I seem to recall Sidney Dekker saying that the answer to complexity is transparency. If he didn’t, he probably thought it. The Dutch aviation safety board’s decision to hold Dekker’s study of the 737NF accident in house, rather than publish is an example of “lessons to be learned”. This was a phrase I learned from Bill Corcoran. In other words, a lesson learned that hasn’t been transmitted, and hasn’t had any action taken to do something differently is actually not a lesson learned. Organizations are reluctant to publish otherwise well done accident investigations because of a fear of litigation. I’m sure the Dutch were no different. The input of the FAA and Boeing to the Dutch report is pretty normal. The Dutch board would normally send the draft report out to other agencies, including Boeing for comments on facts. This does not mean that they have to incorporate comments verbatim, as the NYT article suggests. Boeing could have been offered the opportunity to submit a minority report if they disagreed strongly with the Dutch board’s report. This is ethically the cleanest way to voice disagreements, leaving it to the readers to decide. Allowing a manufacturer to allegedly rewrite an investigation that makes them look bad, displays moral weakness. I wasn’t there, so I’ll withhold judgement. In any event, Dekker appears to have done his best to highlight the pilot’s errors in the context of a single sensor that sent a strong computer signal when it failed. It’s too bad this message was hidden by the regulator.
I second – “Organizations are reluctant to publish otherwise well done accident investigations because of a fear of litigation. But a lesson learned that hasn’t been transmitted, and hasn’t had any action taken to do something is actually not a lesson learned.”
The awfulness of the Boeing 737 Max 8 story unfolded (for me anyway) against the background the release of the report (NTSB in November) on the Uber autonomous vehicle fatality and reporting on the USS McCain collision (ProPublica in December). One might wonder (that is, if one wanted to be deliberately provocative) whether the human factors profession might have decided to rest on its laurels after the success of the high-mounted brake light – or whether perhaps everyone had decided to follow the money and become ‘UX designers.’
OK – that’s unkind. And untrue. Dekker’s masterful (and thoroughly referenced) analysis/tutorial on TK1951 proves as much. We know quite a bit about human interaction with automation. But then something like the Max 8 story comes to light. Really tragically disappointing.
It is certain that Boeing – and Northrup-Grumman in the case of the McCain (Uber I’m not so sure about) – have significant human engineering capabilities. So why do these things still happen? Perhaps there are organizational considerations.
The U.S. Nuclear Regulatory Commission’s Human Factors Engineering Program Review Model addresses the placement and authority of the human factors engineering team within an organization designing or modifying a complex, safety-significant, system; it notes the following:
– The team should have the authority and organizational placement to reasonably assure that all its areas of responsibility are completed, and to identify problems in establishing the overall plan or modifying its design.
– The team should have the authority to control further processing, delivery, installation, or use of HFE products until the disposition of a nonconformance, deficiency, or unsatisfactory condition is resolved.
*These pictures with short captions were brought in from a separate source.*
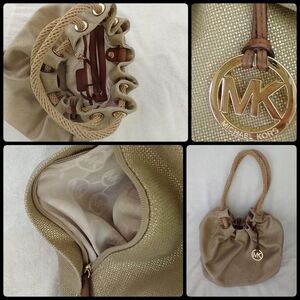 Michael Kors Bucket Bag Gold Tone Fabric/Marine Rope Brown leather trim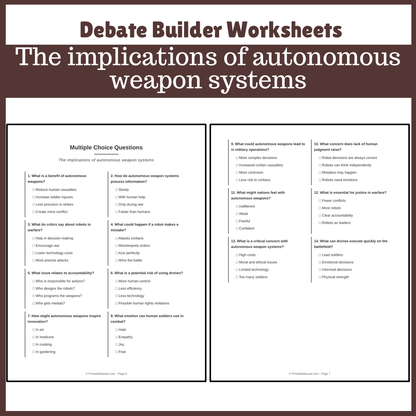 The implications of autonomous weapon systems | Favour and Against Worksheet Printable Activity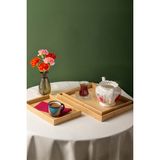 Porsima 130105043 Ahşap Tepsi 3lü Set Çay Kahve Bambu Sunumu Tepsi Seti - Sarı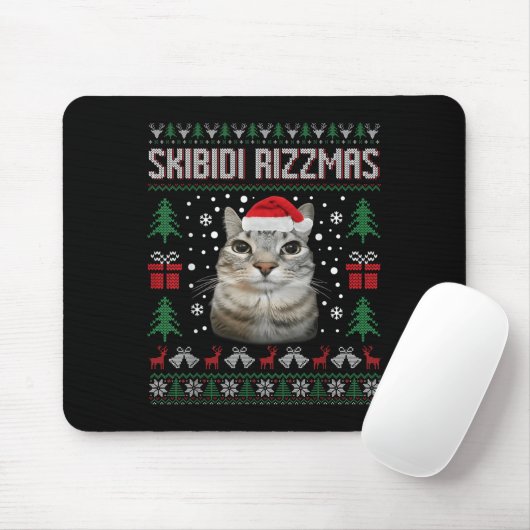 Skibidi Rizzmas Funny Silly Staring Cat Ugly Sweat Mousepad (Mit Mouse)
The above practices would seem to be applicable beyond just commercial nuclear power. Are they generally adopted in high consequence contexts? That is, are people whose backgrounds allow them to understand certain vulnerabilities actually in positions where they might make a difference? If this is not the typical practice of developers (and expectation of regulators), perhaps we shouldn’t be surprised by reports of events involving ‘automation surprises.’